2. Who is the “Starting” Running Back?

In addition to a couple of camp-competition wide receivers, the Titans bolstered their offense by signing talented and versatile running back Dion Lewis to compliment Derrick Henry in Tennessee’s backfield.

Lewis lead the New England Patriots in rushing last season, while Henry lead the Titans. Lewis also contributed 214 yards through the air on 32 catches.

We probably won’t get a definitive answer on who the “starter” is during OTAs, and it also likely doesn’t matter, as that player will be a “starter” in name only. Both backs will see plenty of action in Matt LaFleur’s offense.

But we may learn a lot about how this new coaching staff views these running backs based on how they’re used during these offseason practices. The new staff has no loyalty to Henry.

I don’t expect a “starter” to be named anytime soon, but there will be first-team and second-team reps in practice. Both backs will likely take reps with the first-team, but they will have to alternate.

As the incumbent, if Henry is first up for first-team reps, it could mean nothing. However, if it’s Lewis up first, that could be a signal that Lewis will play more than just a complimentary role to Henry this season. Fantasy football owners out there should pay attention to this potential “position battle.”

1. How Healthy is Jack Conklin?

The number one thing I’m interested in learning and tracking throughout OTAs is the health of Jack Conklin.

While many things went wrong in the January blowout at Foxborough, perhaps the most significant was when Jack Conklin’s season ended three quarters before the rest of the team’s with a torn left ACL.

The typical recovery time for torn ACLs in the new-age of sports medicine is around 9 months, which would put Conklin out until mid-October. However, Conklin may be a little ahead in his recovery, as he was recently out and about Nashville without crutches.

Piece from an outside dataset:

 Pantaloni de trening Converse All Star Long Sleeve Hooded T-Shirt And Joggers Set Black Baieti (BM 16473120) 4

Jason Wolf had this from the Titans’ big uniform event in April:

And in this amazing video from the Predators’ playoff run, Conklin is pouring a pair of beers over a catfish for Taylor Lewan to do Taylor Lewan things...

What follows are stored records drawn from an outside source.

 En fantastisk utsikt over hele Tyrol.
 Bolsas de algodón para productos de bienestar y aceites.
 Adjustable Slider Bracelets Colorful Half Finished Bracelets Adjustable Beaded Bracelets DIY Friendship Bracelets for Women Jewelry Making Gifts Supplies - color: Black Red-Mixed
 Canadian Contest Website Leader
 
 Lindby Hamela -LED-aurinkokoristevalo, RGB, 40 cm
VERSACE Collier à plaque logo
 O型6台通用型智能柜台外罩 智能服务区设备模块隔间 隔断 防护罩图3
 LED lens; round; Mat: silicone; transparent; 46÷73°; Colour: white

Cameron Wolfe of ESPN reported in February that Conklin was likely to start the season on the PUP list, but I don’t know if that was his own speculation or based on actual information.

Expect Conklin to be limited to individual sideline work as OTAs open, if he is on the field at all. The Titans will need him to be healthy as soon as possible if the offensive line is to gel with each other in the anticipated new zone blocking scheme, which requires effective communication by the linemen.

Which storylines have I left out? What are you most excited for as the Titans start OTAs?